(Task to complete) Exclude the pictures. Transcribe exactly, and only, the lines from the one holding "Mer, bord de" to the end of the material below.

(Input data)
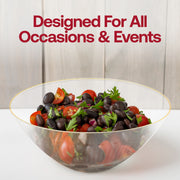 Elegant 32 oz clear plastic bowls with a gold rim, round and organic, perfect for serving, sold in packs of 60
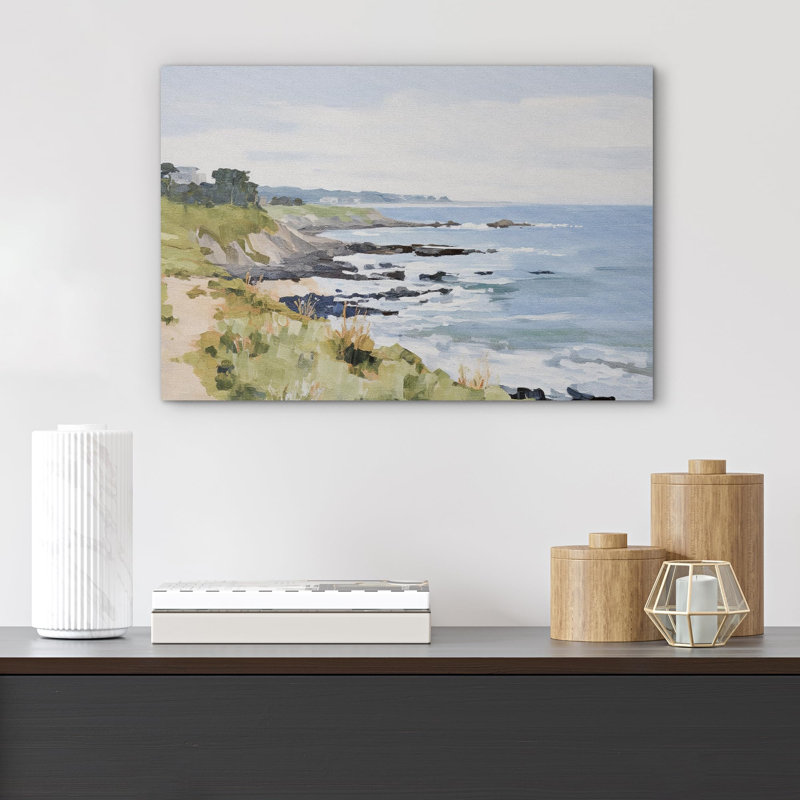 Mer, bord de mer, plage, H 24 po x l 36 po, Toile tendue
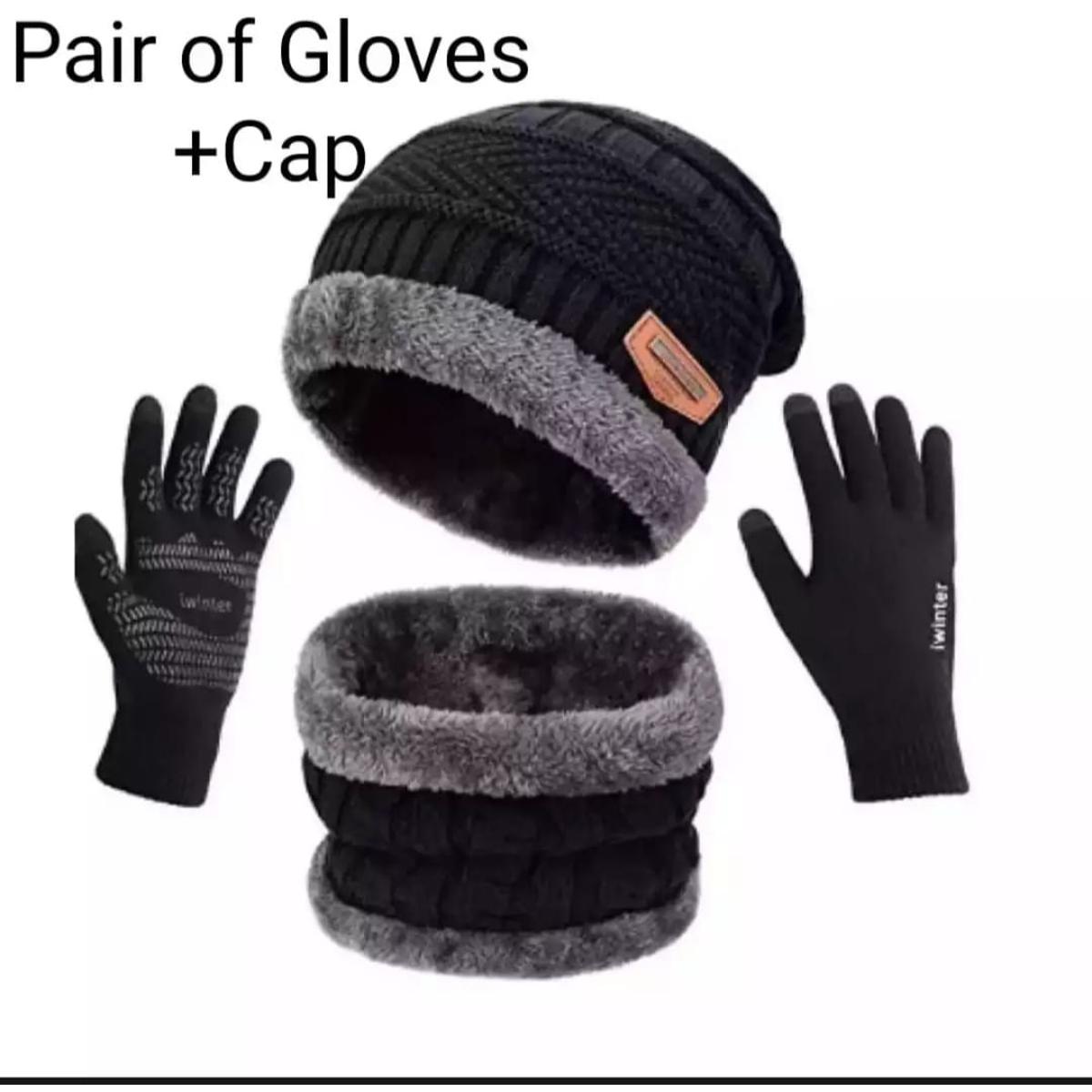 3 Piece Winter Beanie Cap + Neck Warmer Touch Screen Gloves Set | Woolen Hat & Muffler for Men & Kids | Warm Winter Cap for Bike, Boys & Outdoor Use | Topi Hat Cap Neck Warmer Full Set | Beanie cap /Wool cap with neck warmer for men women Beanie Hat Warm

(Exercise result)
 Mer, bord de mer, plage, H 24 po x l 36 po, Toile tendue
 3 Piece Winter Beanie Cap + Neck Warmer Touch Screen Gloves Set | Woolen Hat & Muffler for Men & Kids | Warm Winter Cap for Bike, Boys & Outdoor Use | Topi Hat Cap Neck Warmer Full Set | Beanie cap /Wool cap with neck warmer for men women Beanie Hat Warm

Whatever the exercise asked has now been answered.